*** Data for this task
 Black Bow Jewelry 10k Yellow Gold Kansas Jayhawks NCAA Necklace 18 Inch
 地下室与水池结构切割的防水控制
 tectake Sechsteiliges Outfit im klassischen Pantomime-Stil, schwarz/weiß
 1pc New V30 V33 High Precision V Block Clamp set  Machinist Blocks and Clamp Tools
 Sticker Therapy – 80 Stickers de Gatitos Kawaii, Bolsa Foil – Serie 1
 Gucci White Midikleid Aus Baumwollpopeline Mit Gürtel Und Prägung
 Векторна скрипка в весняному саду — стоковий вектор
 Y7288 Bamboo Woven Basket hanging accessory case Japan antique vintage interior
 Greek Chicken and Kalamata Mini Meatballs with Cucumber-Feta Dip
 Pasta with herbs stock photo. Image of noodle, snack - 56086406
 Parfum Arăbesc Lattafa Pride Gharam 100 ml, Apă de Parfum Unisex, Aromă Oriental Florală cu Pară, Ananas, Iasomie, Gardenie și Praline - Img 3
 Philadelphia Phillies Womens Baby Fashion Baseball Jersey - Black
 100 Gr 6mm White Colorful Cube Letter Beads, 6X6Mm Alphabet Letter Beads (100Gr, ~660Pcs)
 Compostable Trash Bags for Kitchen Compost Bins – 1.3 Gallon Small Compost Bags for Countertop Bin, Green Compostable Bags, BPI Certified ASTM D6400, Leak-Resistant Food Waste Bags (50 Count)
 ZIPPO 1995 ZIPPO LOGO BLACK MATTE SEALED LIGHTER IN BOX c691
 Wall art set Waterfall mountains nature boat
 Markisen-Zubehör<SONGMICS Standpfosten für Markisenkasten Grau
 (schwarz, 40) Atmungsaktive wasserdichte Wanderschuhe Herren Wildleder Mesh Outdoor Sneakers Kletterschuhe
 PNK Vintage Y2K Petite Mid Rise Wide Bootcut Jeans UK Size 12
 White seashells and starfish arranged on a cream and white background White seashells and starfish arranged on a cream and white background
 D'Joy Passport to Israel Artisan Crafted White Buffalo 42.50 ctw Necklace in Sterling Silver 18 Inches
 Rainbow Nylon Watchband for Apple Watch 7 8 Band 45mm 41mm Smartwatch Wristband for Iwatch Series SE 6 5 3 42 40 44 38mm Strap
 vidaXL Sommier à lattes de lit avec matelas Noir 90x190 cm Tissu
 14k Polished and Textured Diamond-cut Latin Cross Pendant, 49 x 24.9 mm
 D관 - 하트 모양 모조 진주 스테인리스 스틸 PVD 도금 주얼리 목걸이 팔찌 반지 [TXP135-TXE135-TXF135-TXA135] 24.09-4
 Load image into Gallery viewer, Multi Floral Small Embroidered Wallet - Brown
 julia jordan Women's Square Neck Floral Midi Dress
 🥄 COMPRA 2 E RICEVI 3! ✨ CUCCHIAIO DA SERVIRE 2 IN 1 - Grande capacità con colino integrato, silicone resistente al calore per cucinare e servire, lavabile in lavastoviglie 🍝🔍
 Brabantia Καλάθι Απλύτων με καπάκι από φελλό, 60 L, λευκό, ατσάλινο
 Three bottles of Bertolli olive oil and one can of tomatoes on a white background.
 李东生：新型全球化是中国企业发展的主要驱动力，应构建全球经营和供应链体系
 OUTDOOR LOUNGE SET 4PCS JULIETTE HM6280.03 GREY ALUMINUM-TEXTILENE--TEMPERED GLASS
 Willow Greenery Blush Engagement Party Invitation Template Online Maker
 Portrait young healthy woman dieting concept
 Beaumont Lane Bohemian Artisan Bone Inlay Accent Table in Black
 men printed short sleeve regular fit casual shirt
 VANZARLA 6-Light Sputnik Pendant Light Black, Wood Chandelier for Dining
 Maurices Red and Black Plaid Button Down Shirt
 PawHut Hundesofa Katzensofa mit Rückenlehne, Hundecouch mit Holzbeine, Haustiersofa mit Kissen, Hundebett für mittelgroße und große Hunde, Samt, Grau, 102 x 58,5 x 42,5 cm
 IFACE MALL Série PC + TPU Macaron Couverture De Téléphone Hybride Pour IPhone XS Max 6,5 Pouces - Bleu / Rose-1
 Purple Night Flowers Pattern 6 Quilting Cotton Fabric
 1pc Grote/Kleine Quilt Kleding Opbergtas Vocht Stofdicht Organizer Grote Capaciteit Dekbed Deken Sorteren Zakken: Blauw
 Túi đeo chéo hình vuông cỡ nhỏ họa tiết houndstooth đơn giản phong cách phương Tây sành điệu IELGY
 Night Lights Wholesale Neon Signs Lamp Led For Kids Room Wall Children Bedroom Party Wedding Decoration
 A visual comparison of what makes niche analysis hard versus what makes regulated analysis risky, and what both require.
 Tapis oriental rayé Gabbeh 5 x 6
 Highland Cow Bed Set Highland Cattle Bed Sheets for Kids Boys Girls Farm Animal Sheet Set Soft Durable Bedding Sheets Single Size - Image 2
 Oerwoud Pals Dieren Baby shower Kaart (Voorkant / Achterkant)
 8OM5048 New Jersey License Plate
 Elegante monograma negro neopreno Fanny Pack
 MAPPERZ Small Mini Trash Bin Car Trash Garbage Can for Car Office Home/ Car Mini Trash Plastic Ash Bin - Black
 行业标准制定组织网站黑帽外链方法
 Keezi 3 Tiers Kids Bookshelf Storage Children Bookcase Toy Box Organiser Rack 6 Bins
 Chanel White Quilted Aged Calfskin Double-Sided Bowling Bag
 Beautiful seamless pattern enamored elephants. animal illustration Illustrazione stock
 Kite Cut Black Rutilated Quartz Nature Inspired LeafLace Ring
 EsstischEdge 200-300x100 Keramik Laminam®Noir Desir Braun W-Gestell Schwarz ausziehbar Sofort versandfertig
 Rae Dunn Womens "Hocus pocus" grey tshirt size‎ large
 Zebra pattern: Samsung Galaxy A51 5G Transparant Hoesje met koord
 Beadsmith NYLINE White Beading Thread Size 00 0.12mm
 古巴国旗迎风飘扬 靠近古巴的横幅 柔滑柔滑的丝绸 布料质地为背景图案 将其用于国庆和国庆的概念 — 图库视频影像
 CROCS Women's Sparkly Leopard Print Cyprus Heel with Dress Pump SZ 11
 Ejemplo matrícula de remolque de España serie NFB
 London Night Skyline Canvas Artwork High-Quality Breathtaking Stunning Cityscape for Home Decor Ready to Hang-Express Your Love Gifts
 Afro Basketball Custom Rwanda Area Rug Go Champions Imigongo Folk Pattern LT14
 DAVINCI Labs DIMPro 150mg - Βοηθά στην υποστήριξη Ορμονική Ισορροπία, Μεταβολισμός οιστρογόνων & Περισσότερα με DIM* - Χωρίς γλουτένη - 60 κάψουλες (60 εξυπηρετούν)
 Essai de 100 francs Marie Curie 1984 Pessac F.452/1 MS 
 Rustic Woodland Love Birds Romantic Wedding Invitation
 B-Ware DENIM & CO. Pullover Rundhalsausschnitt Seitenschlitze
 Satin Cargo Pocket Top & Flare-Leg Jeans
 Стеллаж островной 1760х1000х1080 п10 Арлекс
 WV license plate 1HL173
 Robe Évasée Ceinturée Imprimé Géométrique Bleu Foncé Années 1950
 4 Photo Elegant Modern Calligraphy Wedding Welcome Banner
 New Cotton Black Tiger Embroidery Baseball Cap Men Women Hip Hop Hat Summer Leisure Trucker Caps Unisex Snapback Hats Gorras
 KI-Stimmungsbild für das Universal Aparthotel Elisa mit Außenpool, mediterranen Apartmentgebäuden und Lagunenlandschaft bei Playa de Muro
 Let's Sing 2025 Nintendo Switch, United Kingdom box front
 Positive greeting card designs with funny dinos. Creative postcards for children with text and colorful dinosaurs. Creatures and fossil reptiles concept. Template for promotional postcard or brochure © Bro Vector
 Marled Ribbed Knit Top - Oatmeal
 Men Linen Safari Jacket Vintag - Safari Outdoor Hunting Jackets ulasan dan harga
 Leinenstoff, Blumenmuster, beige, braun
******
→ What is being asked
The first line of the listing above through the line containing "snack - 56086406": print exactly that, both ends included.

→ The answer
 Black Bow Jewelry 10k Yellow Gold Kansas Jayhawks NCAA Necklace 18 Inch
 地下室与水池结构切割的防水控制
 tectake Sechsteiliges Outfit im klassischen Pantomime-Stil, schwarz/weiß
 1pc New V30 V33 High Precision V Block Clamp set  Machinist Blocks and Clamp Tools
 Sticker Therapy – 80 Stickers de Gatitos Kawaii, Bolsa Foil – Serie 1
 Gucci White Midikleid Aus Baumwollpopeline Mit Gürtel Und Prägung
 Векторна скрипка в весняному саду — стоковий вектор
 Y7288 Bamboo Woven Basket hanging accessory case Japan antique vintage interior
 Greek Chicken and Kalamata Mini Meatballs with Cucumber-Feta Dip
 Pasta with herbs stock photo. Image of noodle, snack - 56086406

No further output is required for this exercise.